At the outset, a careless trainer leaves a stall unlocked, and the curious filly Paras (short for Perestroika) wanders away from the racetrack and into the City of Lights. Paras knows the things a thoroughbred would know—her lineage, for instance—but not much else. In the city, Paras meets a worldly dog named Frida, who has been forced to fend for herself since her owner went missing. Like any street survivor, Frida knows how to avoid the gendarmes and which tricks will con treats from the citizenry.

The adventure shifts into high gear when the pair is introduced to a raven, Sir Raoul Corvus Corax, whom Smiley imbues with intelligence, twitchiness and a certain French je ne sais quoi.
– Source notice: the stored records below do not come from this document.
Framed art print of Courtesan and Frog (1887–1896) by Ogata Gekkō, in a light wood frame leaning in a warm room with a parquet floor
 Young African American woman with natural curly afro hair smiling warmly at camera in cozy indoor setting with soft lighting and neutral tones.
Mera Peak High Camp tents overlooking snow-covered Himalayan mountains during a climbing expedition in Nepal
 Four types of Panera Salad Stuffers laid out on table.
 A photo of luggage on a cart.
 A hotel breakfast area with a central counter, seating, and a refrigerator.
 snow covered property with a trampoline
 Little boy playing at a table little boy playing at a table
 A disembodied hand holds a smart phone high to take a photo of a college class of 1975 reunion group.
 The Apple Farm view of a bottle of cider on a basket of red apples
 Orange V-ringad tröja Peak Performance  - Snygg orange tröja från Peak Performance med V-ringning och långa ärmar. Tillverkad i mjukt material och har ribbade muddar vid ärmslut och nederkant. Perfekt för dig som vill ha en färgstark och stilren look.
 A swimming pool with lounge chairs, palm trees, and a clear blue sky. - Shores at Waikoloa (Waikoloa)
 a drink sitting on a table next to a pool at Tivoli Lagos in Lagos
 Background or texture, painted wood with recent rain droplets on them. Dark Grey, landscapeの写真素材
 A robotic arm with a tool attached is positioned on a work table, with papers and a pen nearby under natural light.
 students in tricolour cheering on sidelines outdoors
With winter approaching, Frida and Paras face some crucial decisions regarding housing and food. While neither is equipped with the capacity for long-term logistical planning, their animal instincts kick in, propelling them to a surprising conclusion.

To call this book “charming” might be damning it with faint praise, but Smiley has created an otherworldly universe in which her makeshift animal family supports one another in an environment that, while not necessarily hostile, is certainly hazardous. Perestroika in Paris takes its place alongside the likes of Through the Looking-Glass, in that it will reward both precocious young readers and their parents with a sense of wonder and whimsy.

We humans like to imagine that we know what our animal friends are thinking, but in Perestroika in Paris, Jane Smiley actually burrows into the craniums of a menagerie that includes a horse, a dog, a raven, some rats and the humans they interact with, resulting in a remarkable novel that splits the difference between Charlotte’s Web and Animal Farm.